Fantasea has been described by Banks as “a first album of sorts” and “a test run. I tried a lot of cool things, sounds I thought were progressive, beats made by close friends, different flows”, and that sums it up quite well.
It’s a lot more experimental and less focused than 1991, as you’d expect from a mixtape, and showcases all the sides of her personality as well as her musical tastes, right from the opening blur of rap and reggae, Out Of Space, which features a Max Romeo sample.
Shystie features on Neptune, which Banks released a day earlier than Fantasea, and if you’ve noticed an aquatic theme starting to build up, it’s not by accident, given her fascination with mermaids. That continues on Atlantis and the slightly eerie and dubsteppy title track, which finishes off with a nice bit of jazz.
Fuck Up The Fun is one of the familiar tracks on here and showcases the kind of quickfire rapping that people will recognise from 212, while the percussive production from Diplo and Master D sounds a bit like something Missy Elliott and Timbaland used to come up with.
That kind production is all across Fantasea, which rarely plays it straightforward and is all the better for it, and Fierce is another fine example. Of course, the danger of having a ‘sound’ like that is that you risk it all starting to come across as much of a muchness, so it’s a relief when the beefier Nathan shows up.
She’s described as being a response to her critics: “I’m that rap girl who’s out here and doesn’t have another rapper behind her, but she’s got all this mouth and she’s all over the place, So [this collaboration] was cool for me [because I'm like] ‘What ya’ll gonna say now, when I bust out with that Styles P record?’ Ya’ll not gon’ call me fake and make fun of me for having one song. Yeah, I make lil’ dance music and ya’ll got jokes, whatever—watch when I come out with the Styles P record.’”

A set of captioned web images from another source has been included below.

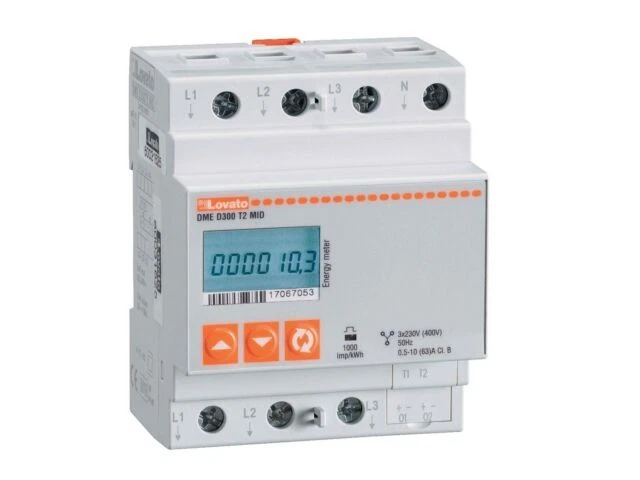 LOVATO ELECTRIC DME D300 T2 Contatore di energia - Immagine 1 di 1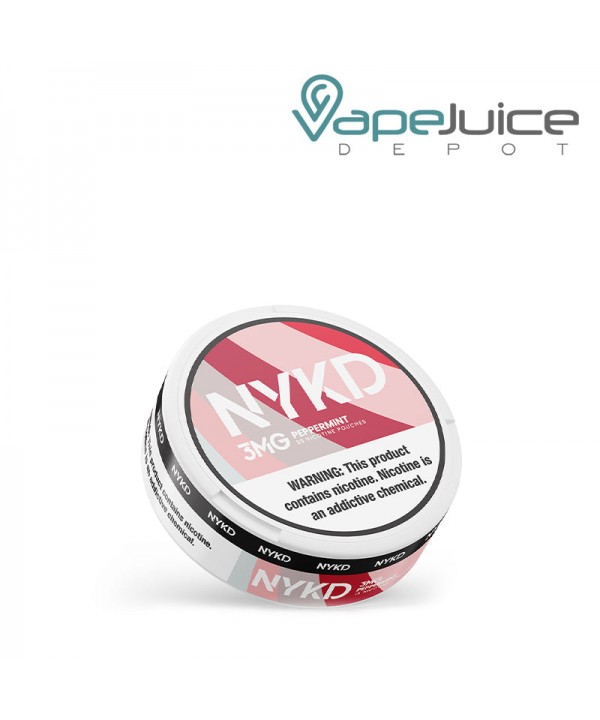 NYKD Peppermint Nicotine Pouches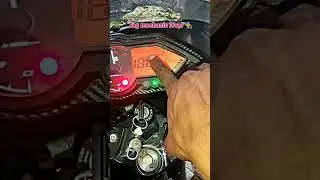 PULSAR 125 Remove service light 👨&zwj;🔧✌ | #reels #shortvideos #shortsvideo #shorts #short #trending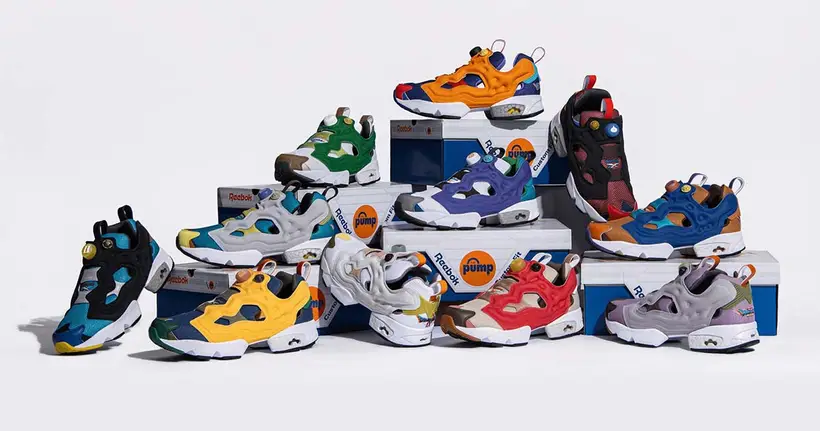 Dragon Quest ฉลองซีรีส์ครบรอบ 40 ปีร่วมกับ Reebok ผลิตสินค้ารุ่นลิมิเต็ดเพียบ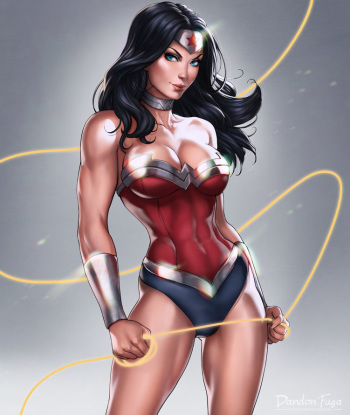 Wonder Woman cover
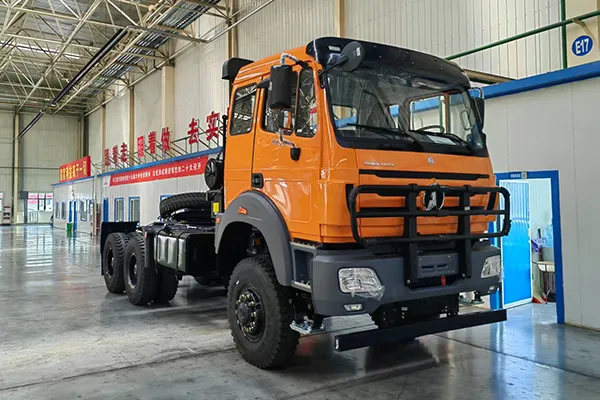 Tracteur routier 6×6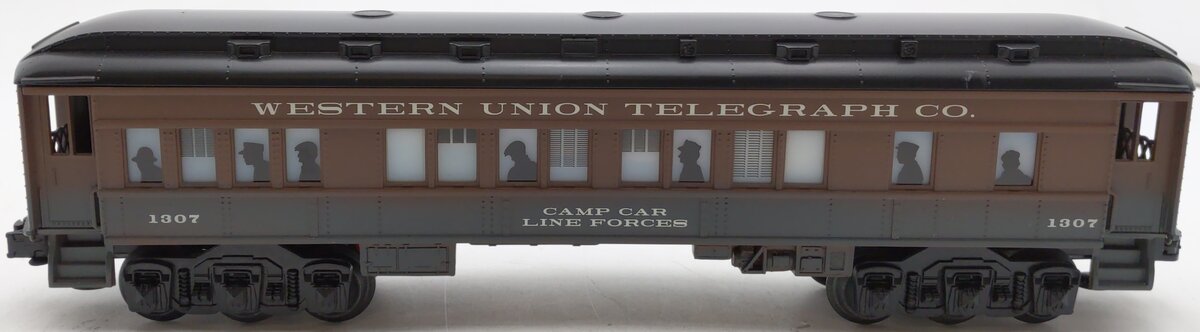 Lionel 6-19994 O LRRC Western Union Telegraph Baby Madison Passenger Car #1307 EX/Box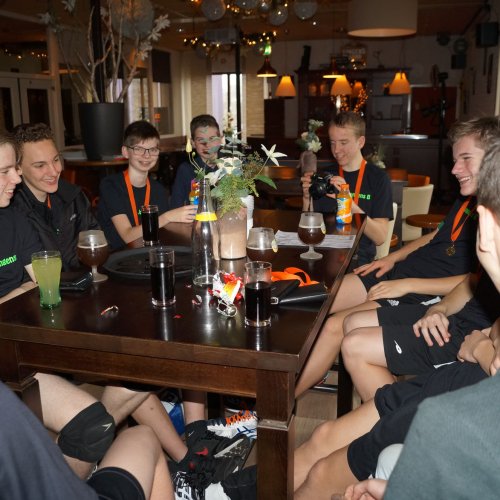 Jongens B1 kampioen 2016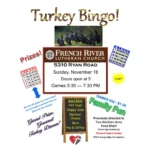 Turkey Bingo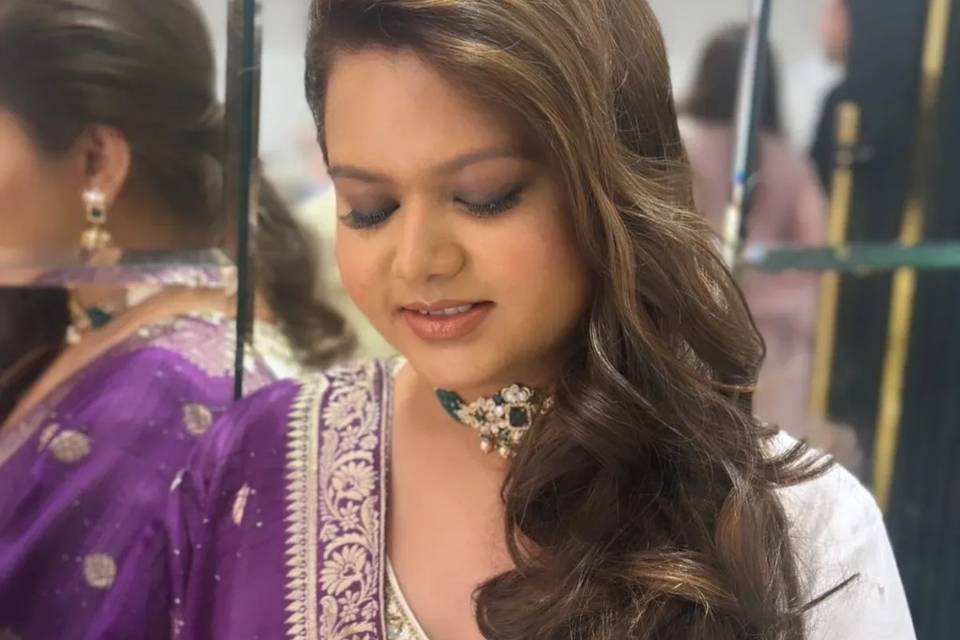 Party makeup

And it’s a fine song too, with nice production from Drums Of Death and a feisty performance from Banks that puts it as the standout track here, possibly along with the shimmery dance track Jumanji, which is probably the kind of track that provokes the responses that she’s complaining about on Nathan. But both sides are what make her an interesting artist.
But, at the end of the day Fantasea is just a mixtape, and it’s far from perfect. There’s quite a few tracks that leave little impression and it’s a bit too long, but it does offer some more tantalising tastes of what we could hope to get from Broke With Expensive Taste, her first album proper, which is due later this year.